Andrea’s family taught him
“urbanity, elegant writing skills, a love of delicacy, a predilection for
unusual studies, a mania for archaeology, refined gallantry,” (33). He grew up
traveling and living an elegant life with his father. “He was, in truth, the
ideal type of young Italian gentleman of the nineteenth century, the legitimate
defender of a lineage of gentlemen and elegant artist, the last descendent of
an intellectual race,” (34). Andrea is captivated with beauty and pleasure. He
was shaped by high culture and experience. He had a great sense of sensibility,
curiosity and moral strength. He is young, but intelligent. He wants to live in
the world he grew up in where there are customs followed and beauty is at the
center of it all. He makes note of all the objects in a room and how tables are
decorated because that is what he loves. That is his Italy. Everything is done
with such care and passion. He truly wants everything in the world for himself
that is beautiful and he especially wants to find this in women.
Therefore, throughout the book so
far Andrea has possessed multiple lovers but the two great loves are that of
Elena and Maria. Looking at his love with Elena he sees her as an object,
something he can possess and something he wants to conquer. He falls hard for
her beauty and confusing signals. She drives him crazy with self-doubt and that
is what makes her desirable to him. He has to chase her, but once he gets her
she is all his for a brief period of time. Then with Maria Andrea’s character
changes drastically. Right at the beginning of part two when he is ill he has a
life changing moments and he becomes a new man. He is reborn. He realizes “he
had lied too much, had deceived too much, had debased himself too much.
Revulsion of himself and his vice invaded him,” (130). This is when I begin to
like Andrea and this where he turns to art as his lover. At this point in the
book, he is a lover to his art and to Maria. However, this time Maria entrances
him and he is not trying to conquer her at all but rather be a part of her
heart in some small way. He agrees to bow out gracefully if she does not wish
to accept his love. In fact he anticipates this when he confesses his love to
her. What’s interesting to note about Andrea’s love for Maria is that he
associates her with nature and not as an object. Andrea puts nature on a
pedestal as the reader sees when he talks about the sea’s effect on him. Andrea
this time does not have the power in this relationship and he is doing
everything he can for Maria, but not doing everything he can to possess her.

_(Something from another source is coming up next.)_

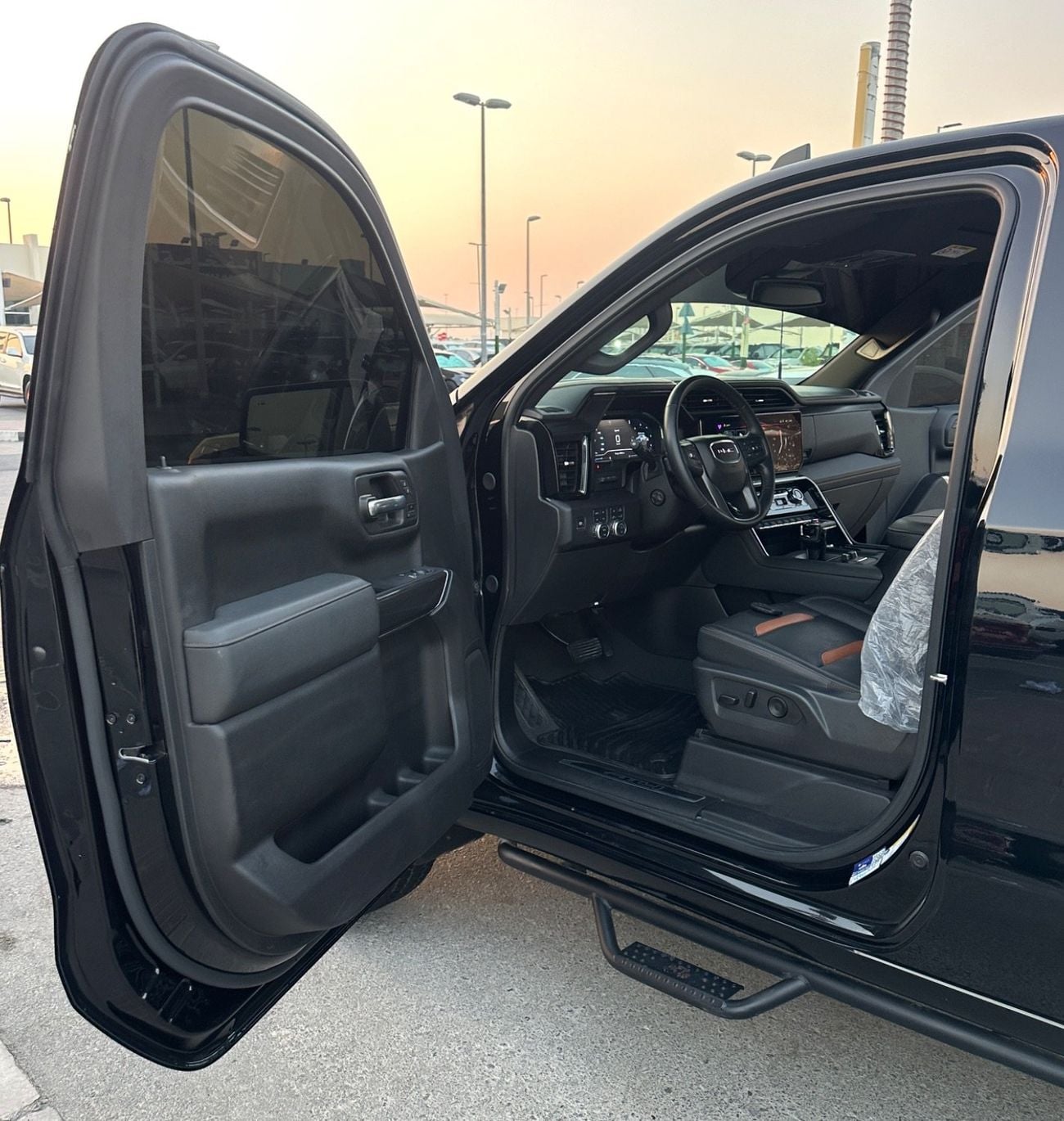 GMC Sierra AT4X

Throughout the entire book Andrea is
extremely obsessive, but his obsessiveness does take on different levels with
his different lovers. He was looking to possess Elena, but he was looking for
Maria’s love because he was obsessively agonizing over whether or not she loved
him. I think by starting with Elena and then going to Maria it shows Andrea’s
development as a man and as a character. Starting the first chapter with
Elena’s reappearance the reader sees how vulnerable Andrea is making the reader
want to find out if he is going to get what he wants. Then by going back in
time to how he met Elena showed his true colors and made the reader not like
him, but by the time he meets Maria he has changed and the reader likes him
again. It has been hard to put this book down because all of the characters are
so realistic and it seems like a real love story. In the last chapter in part
two the reader got to see Maria’s struggle, which made her human and not an
object like Elena. The obsessiveness isn’t just in Andrea’s character, but in
all of them. The passion, desire and sadness cross over all the characters.